It is the combination of these components which result in a highly functional enterprise solution, offering benefits that surpass off-the-shelf products such as Informatica, Data Stage, or Ab Initio. 

Furthermore, Oracle 9i and 10g have added some very powerful tools to support high performance ETL.  While there may be familiarity with Oracle external tables and pipelined table functions, the full potential of Oracle can go unrealized.

The demand for high performance ETL is growing as organizations realize the importance of business intelligence and the need for a comprehensive data warehouse.  The majority of these organizations use expensive off-the-shelf products without realizing that they have already licensed the necessary tools to build a potentially better solution.  This article discusses the use of Oracle ETL features with Oracle Scheduler to provide a real-time, high scale, and high performance ETL solution.

 

Familiarity with external tables and pipelined table functions is necessary to fully understand the solution:

External Tables

External tables are used to provide relational access to the contents of a file from an Oracle directory.  The external table script defines the rules for reading the file, and once the table is created, the external table is accessed just like a regular table.  Here’s an example:


Create directory DAT_DIR as ‘/usr/tmp’;

 

File: sample.csv saved to /usr/tmp

ID, DATE, FIRST_NAME, LAST_NAME, STATUS

1, 17-JUL-07, John, Adams, Active

2, 17-JUL-07, Tyler, Howell, Active

3, 17-JUL-07, Jim, Lopez, Active

4, 17-JUL-07, Carlos, White, Inactive

5, 17-JUL-07, Scott, Tiger, Active

External table definition:

 

CREATE TABLE SAMPLE_EXT
(
ID NUMBER,
DATE VARCHAR2(10),  
FIRST_NAME VARCHAR2(30),
LAST_NAME VARCHAR2(30),
STATUS VARCHAR2(10)
)                      
 ORGANIZATION EXTERNAL
 (
   TYPE ORACLE_LOADER
   DEFAULT DIRECTORY DAT_DIR
   ACCESS PARAMETERS
   (
            records delimited by newline LOAD WHEN (ID != ‘ID’)
            badfile BAD_DIR:'SAMPLE_EXT%a_%p.bad'
            logfile LOG_DIR:'SAMPLE_EXT%a_%p.log'
fields terminated by ',' optionally enclosed by '"' LRTRIM
            MISSING FIELD VALUES ARE NULL
   )
   LOCATION (‘sample.csv')
 )
 PARALLEL 4
 REJECT LIMIT 1000;

 

Note:  Several of the properties in this definition are optional.  For example, if “skip 1” could have been used in the table definition, but the method above can be a better alternative if it cannot be guaranteed that all file sources will use a header line. 

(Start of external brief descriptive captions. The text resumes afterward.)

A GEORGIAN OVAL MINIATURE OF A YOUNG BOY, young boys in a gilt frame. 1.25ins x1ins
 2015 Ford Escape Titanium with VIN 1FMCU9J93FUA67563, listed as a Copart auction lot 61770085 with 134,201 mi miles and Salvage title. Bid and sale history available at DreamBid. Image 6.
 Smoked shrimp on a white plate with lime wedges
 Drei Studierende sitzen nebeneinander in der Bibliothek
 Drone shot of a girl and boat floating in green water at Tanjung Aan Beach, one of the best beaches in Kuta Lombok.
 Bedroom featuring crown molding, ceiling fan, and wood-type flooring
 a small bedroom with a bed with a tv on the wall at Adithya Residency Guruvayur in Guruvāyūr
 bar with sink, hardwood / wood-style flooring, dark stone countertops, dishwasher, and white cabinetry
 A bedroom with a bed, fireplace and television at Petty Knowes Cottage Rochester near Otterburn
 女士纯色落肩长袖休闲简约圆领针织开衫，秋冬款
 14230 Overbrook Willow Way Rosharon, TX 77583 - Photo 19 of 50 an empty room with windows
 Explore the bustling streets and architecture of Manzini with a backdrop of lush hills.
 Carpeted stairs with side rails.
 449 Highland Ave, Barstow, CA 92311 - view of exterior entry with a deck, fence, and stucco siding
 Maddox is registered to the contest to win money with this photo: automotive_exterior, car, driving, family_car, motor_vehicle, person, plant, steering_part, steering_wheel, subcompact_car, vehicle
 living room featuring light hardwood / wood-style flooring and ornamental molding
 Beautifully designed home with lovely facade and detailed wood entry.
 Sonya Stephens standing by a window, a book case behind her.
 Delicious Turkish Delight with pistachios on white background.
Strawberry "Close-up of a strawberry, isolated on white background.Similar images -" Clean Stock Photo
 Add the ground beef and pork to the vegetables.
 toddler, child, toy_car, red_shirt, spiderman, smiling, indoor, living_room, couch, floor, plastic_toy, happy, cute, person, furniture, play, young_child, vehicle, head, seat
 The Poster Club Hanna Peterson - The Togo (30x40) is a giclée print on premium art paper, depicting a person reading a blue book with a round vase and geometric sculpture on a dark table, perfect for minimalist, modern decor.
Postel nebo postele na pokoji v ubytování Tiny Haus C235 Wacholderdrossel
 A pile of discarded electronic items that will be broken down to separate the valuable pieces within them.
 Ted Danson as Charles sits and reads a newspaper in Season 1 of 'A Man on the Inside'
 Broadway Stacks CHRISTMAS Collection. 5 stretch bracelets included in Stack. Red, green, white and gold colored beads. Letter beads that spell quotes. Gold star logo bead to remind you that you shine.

Now that the external table has been created, and the file has been placed on the server, it is possible to  access the data using a SQL such as:

 
Select * from SAMPLE_EXT
/
 
ID  DATE  FIRST_NAME  LAST_NAME  STATUS
1  17-JUL-07  John  Adams  Active
2  17-JUL-07  Tyler  Howell  Active
3  17-JUL-07  Jim  Lopez  Active
4  17-JUL-07  Carlos  White  Inactive
5  17-JUL-07  Scott  Tiger  Active
 
Select * from SAMPLE_EXT where STATUS = ‘Inactive’
/
 
ID  DATE  FIRST_NAME  LAST_NAME  STATUS
4  17-JUL-07  Carlos  White  Inactive

 

This exhibits the relational access to this file in completion, even though the file is outside of the database.  Loading the contents of this file into a relational table is also easy to accomplish.

First, create a matching relational table as exemplified below: 

 

CREATE TABLE SAMPLE_TAB
(
ID NUMBER,
DATE VARCHAR2(10),  
FIRST_NAME VARCHAR2(30),
LAST_NAME VARCHAR2(30),
STATUS VARCHAR2(10)
);

 

 

Next, insert the data from the external table to the relational table:

 

Insert into sample_tab
Select * from sample_ext
/

 

 

It is a common misconception that external tables are only useful for simple formats such as comma or tab delimited files.  In loading a CSV file easily however, one can see that this is far from the truth.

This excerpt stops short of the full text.